Mar. 3, 2016
Former Port Allegany High School standout Nick Conway soared to new heights at the recent Northeast Conference Indoor Track and Field Championships, winning the NEC high jump title with a new personal best of 2.02 meters (6 feet, 7.5 inches) on Feb. 19 at Staten Island, N.Y.
The Saint Francis University junior needed every centimeter of that leap to claim the gold, after he and top seed Dashawn Putman (Central Connecticut State) had both cleared 2.01m (6′ 7″) to force a tiebreaker.
“It was a whirlwind of thoughts when they announced I had to compete in the jump-off,” Conway wrote in a message to the Reporter Argus. “They previously had told me I won….then recalculated and determined the jump-off had to happen. Initially I was not too excited. I was coming off of a groin strain that removed me from practice for 1.5 weeks leading up to the championship meet, on top of me not jumping in practice — maybe three times in practice all year. So I was the clear-cut underdog against the number one seed.

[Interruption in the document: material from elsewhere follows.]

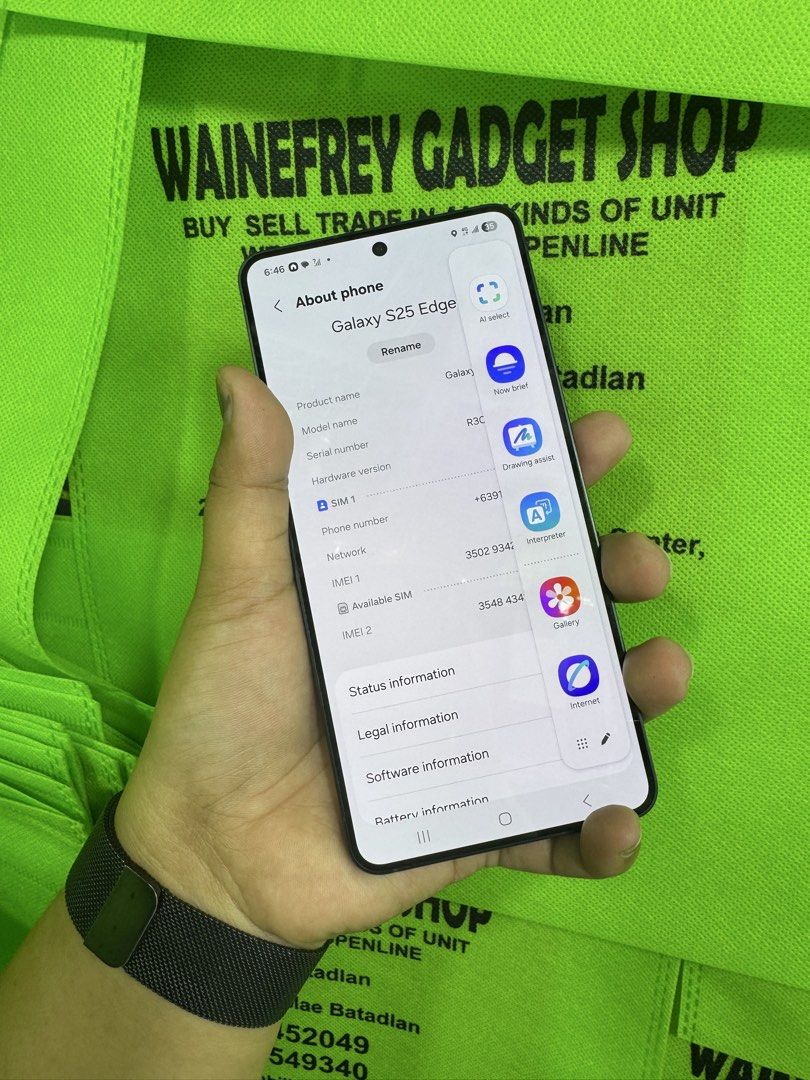 SAMSUNG S25 Edge 12/256 (Category: Samsung) located in San Juan City. Submitted by wainefreygadgetshop (Listing ID 1433317271, Image 2). Description: SAMSUNG S25 Edge 12/256 (PLEASE SEARCH MO NALANG FULL SPECS) ALL GOODS AT WORKING GAMING PHONE SCREEN TESTED SIGNAL TEST CAMERA TESTED HONEST ISSUE ILALAGAY SA NOTE KUNG MERON MAN PARA AWARE KA! NOTE* *SEE POSTED PICTURES SA SCREEN MAY SCRATCH di naman nakaka apekto sa SMOOTH performance. YAN LANG H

“But that is where the beauty of sports set in. To be a true champion you have to rise to the occasion.”
At least one person at the Ocean Breeze Track & Field Athletic Complex already had a good feeling about the outcome, though — Port assistant coach Hunter Conway, watching from the stands with his wife, Tammy.
“My father has been my coach since I started track. Things don’t change when he comes to my competitions; I still glance up to get his feedback on how to alter my approach after each jump,” Nick wrote. “It’s funny because my father always calls me and gives me a little pre-meet info on my competition, and he said I would win the high jump earlier this week. But I figured he just had high hopes, considering I hadn’t even practiced.”

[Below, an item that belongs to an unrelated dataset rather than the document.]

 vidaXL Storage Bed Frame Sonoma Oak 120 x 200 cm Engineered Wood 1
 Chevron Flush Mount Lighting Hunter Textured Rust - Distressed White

“I knew he stood a good chance, and he was motivated,” Hunter said. “So it was a perfect storm, so to speak.”
Conway was one of four jumpers to succeed at 2.01m, including two of his Red Flash teammates, but he and Putman did so in the fewest attempts to move on to the tiebreaker. With the bar reset at 2.04m (6′ 8.25”), both missed on their first try.

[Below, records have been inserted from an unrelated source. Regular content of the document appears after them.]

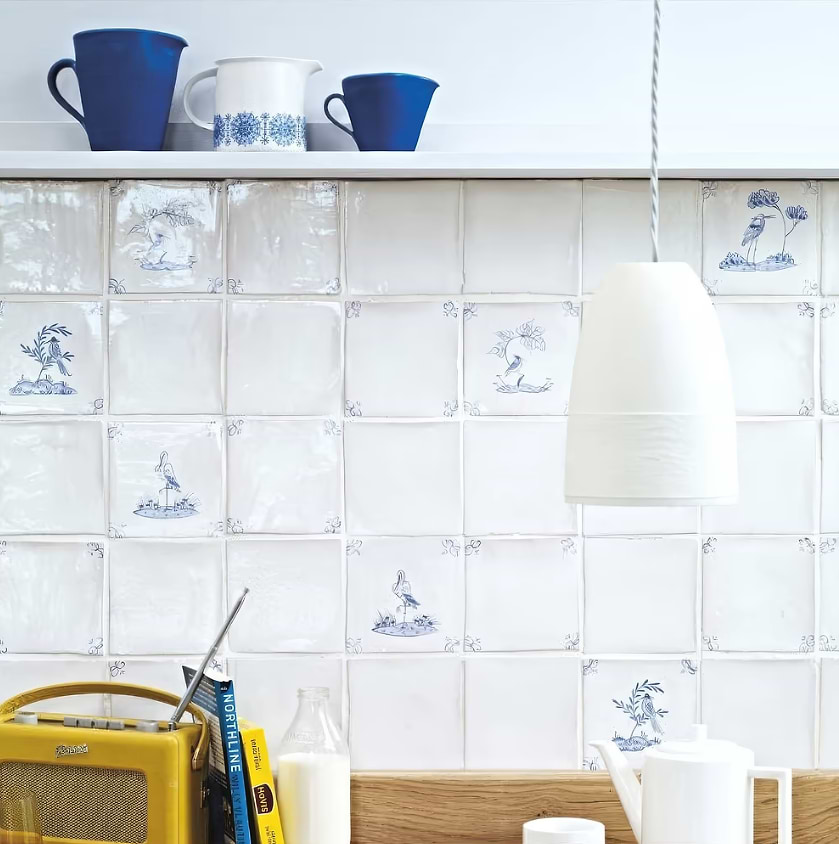 English Delft Dragonfly tiles stocked by Hyperion Tiles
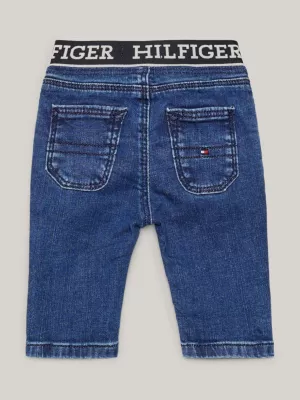 Calça jeans Hilfiger com cós monogramado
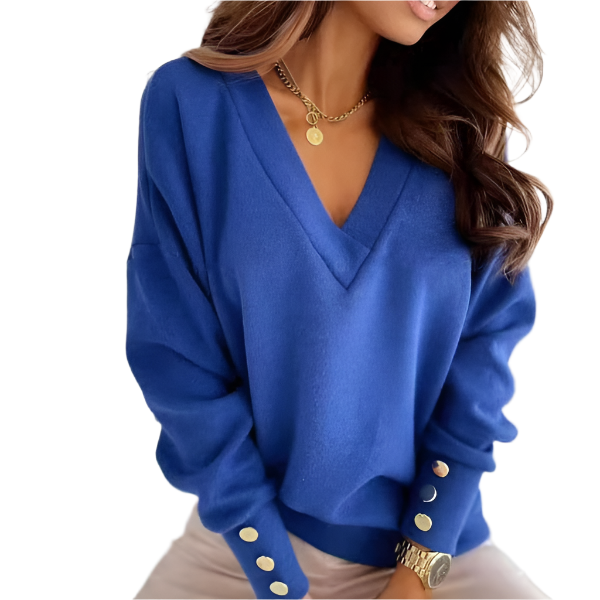 Sophia – Luxuriöser Damenpullover mit V-Ausschnitt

“I was slightly defeated at that point,” Nick wrote, “but looking to the stands I could see just how excited my father was at this opportunity. Feeding off my dad’s energy, I altered my approach slightly.”
Accelerating toward his target, he launched himself into the air, and then …
“When I jumped, I swear my eyes were closed,” he wrote. “The stands erupted with cheers and I realized I made it. After celebrating, I jogged to the opposite end of the track and prayed the three-hour competition would go no further.”
Of course, there was at least one more jump left, with Putman getting a chance to match Conway’s height and send the competition to another round.
“I did not watch (Putman) jump,” Nick wrote. “I simply listened to the crowd.”
Once again, their reaction told him all he needed to know.
“It was a surreal feeling to win,” he concluded. “I felt my parents’ trips to all my meets were rewarded with this underdog win. Above all, it’s a blessing to be able to compete on this stage and have my parents right there watching.”
The conference title was the second for Conway, who won the 60-meter hurdles at last season’s indoor championships. He placed fifth this year, turning in a time of 8.24 seconds to qualify in that event as well as the high jump for this weekend’s IC4A/ECAC Championships at Boston University.